MEAM.Design - MEAM 248 - WALK - Dynamics


The System

We will define a straight-legged, round-footed walker using the variables and constants shown to the right. We will call the leg in contact with the ground the stance (S) leg, while the one in motion we will call the "'free"' (F) leg. Points of interest include:

($H$) - the hip
($A$) - the center of the foot arc
($C$) - the contact point with the slope
($GS$) - the CG of the stance leg
($GF$) - the CG of the free leg

Both legs are assumed to be identical, with the following constants:

($d$) - hip to CG distance
($w$) - CG offset distance
($l$) - CG to foot distance
($r$) - foot radius
($m$) - leg mass
($J$) - leg moment of inertia

And the motion will involve the following variables:

($\gamma$) - the slope angle
($\theta_S$) - the angle of the stance leg relative to the slope normal
($\theta_F$) - the angle of the free leg relative to the slope normal

We will place our coordinate frame with the X axis aligned down the slope and Y aligned with the positive surface normal.



Free-Body and Inertial-Response Diagrams

Before we can do anything useful, we need to produce a free-body and inertial-response diagram for each leg.

From these, we can generate six equations of motion including ten unknowns (($a_{gsx}$), ($a_{gsy}$), ($\alpha_{gs}$), ($a_{gfx}$), ($a_{gfy}$), ($\alpha_{gf}$), ($F_{cx}$), ($F_{cy}$), ($F_{hx}$), ($F_{hy}$)).



Kinematic Constraints

To solve the system, we must recognize that kinematic constraints exist in our system.

The first of these will arise from the pin joint connecting the two legs.
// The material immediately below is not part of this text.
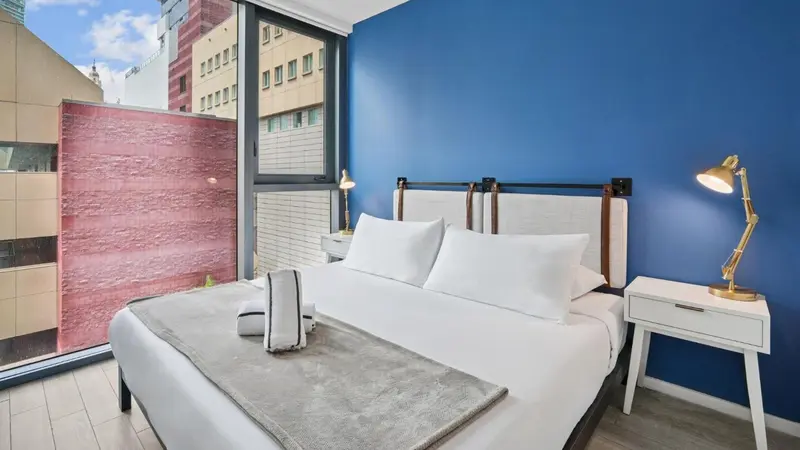 Une chambre lumineuse avec un grand lit recouvert d'une courtepointe grise et de coussins blancs.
Because each leg is a rigid body, we can relate the hip-joint acceleration to the CG acceleration of each leg

($$\vec{a}_h=\vec{a}_{gs} + \vec{\alpha}_{gs} \times \vec{r}_{h/gs} - \omega_s^2 \; \vec{r}_{h/gs} $$)

($$\vec{a}_h=\vec{a}_{gf} + \vec{\alpha}_{gf} \times \vec{r}_{h/gf} - \omega_s^2 \; \vec{r}_{h/gf} $$)
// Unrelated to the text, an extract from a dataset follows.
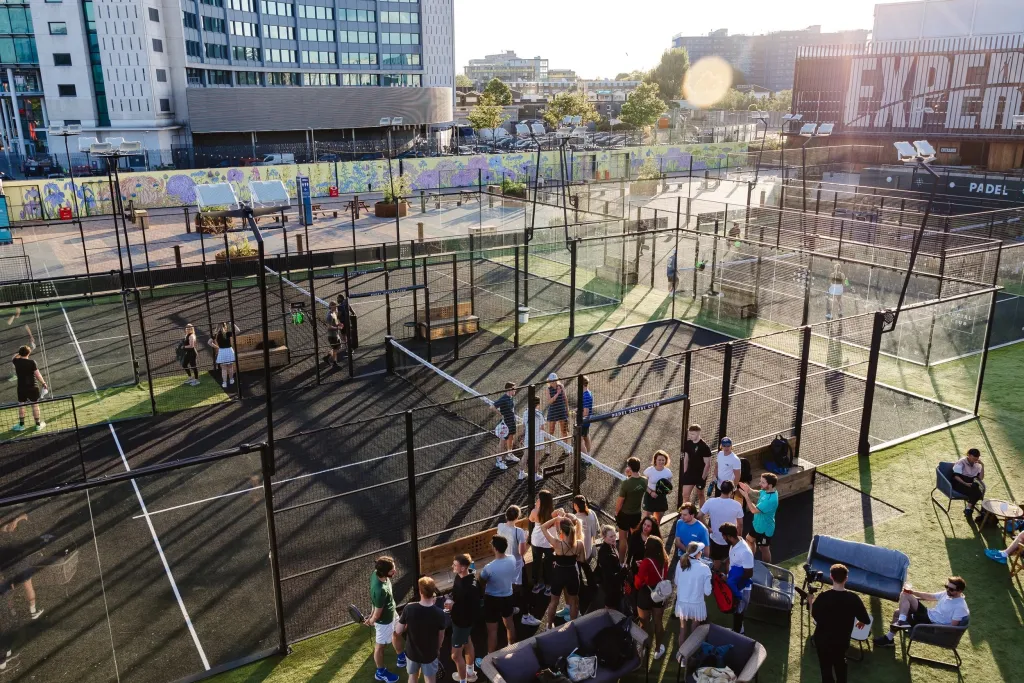 Outdoor padel courts at Padel Social Club in London, with players on court and people socialising on lounge furniture beside the courts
Which will result in four equations and two more unknowns (($a_{hx}$), ($a_{hy}$)), bringing our total to ten equations and twelve unknowns.
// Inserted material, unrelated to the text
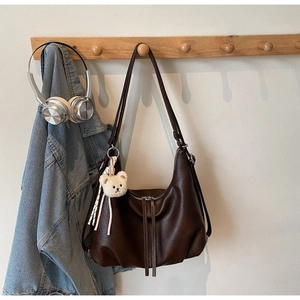 Detail of dark coffee vintage tote with double zippers and plush bear charm decoration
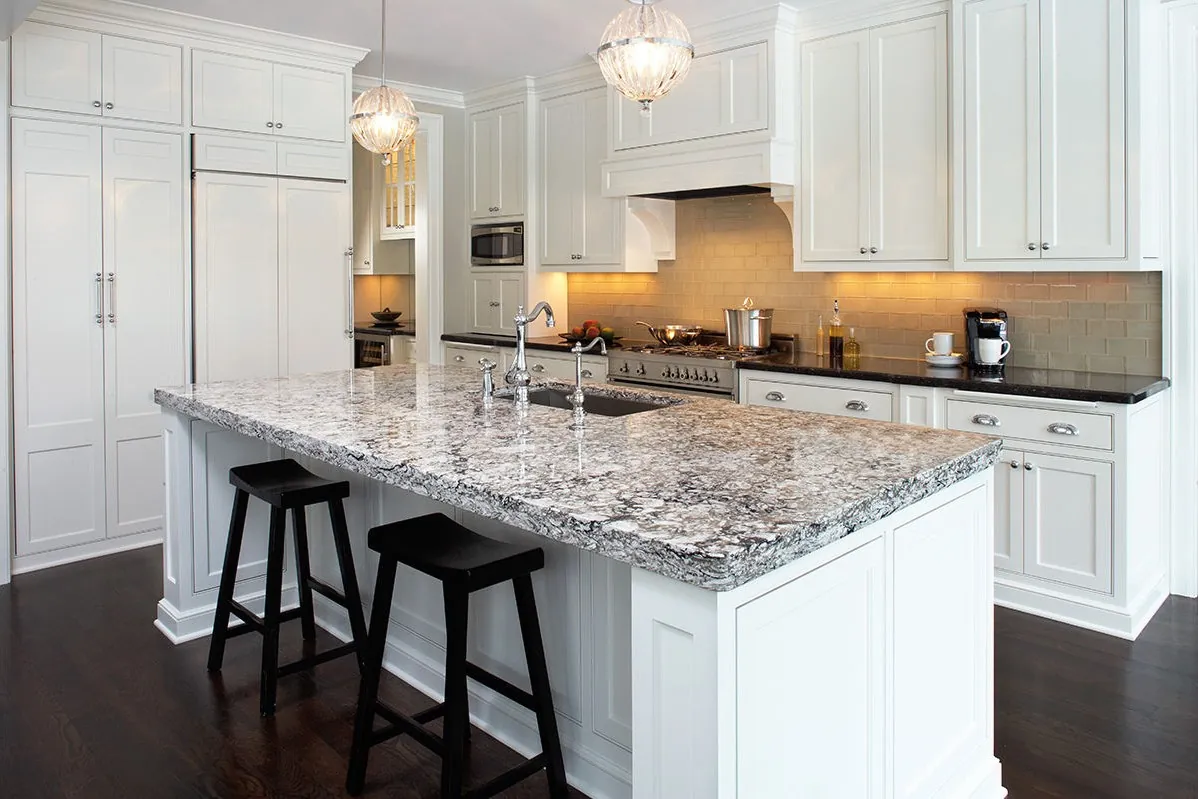 A kitchen island with a veined quartz countertop and bar stools, from the Cambria quartz line we carry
The magic bullet comes from examination of the rolling contact between the stance leg and the ground. Assuming that the leg is rolling without slipping we know the acceleration of both the contact point and center of rotation. Relating these to the acceleration of either the stance-leg CG or the hip will result in two more equations and no more unknowns. With twelve unknowns and twelve total equations, the system should now be solvable!


Heelstrike and Contact Transfer

We will assume that the heelstrike event is perfectly inelastic, and that the force of gravity plays no role during the very short duration of contact transfer. As this means that no torques will be acting on the system, angular momentum of the entire system should be conserved through the heelstrike event. We can also look at just the newly-swinging leg, where we should also be able to apply conservation of angular momentum about the hip joint. In total, these will provide six equations and six unknowns (($v_{gsx}$), ($v_{gsy}$), ($\omega_s$), ($v_{gfx}$), ($v_{fy}$), ($\omega_f$)), allowing one to solve for the post-impact velocity of each leg.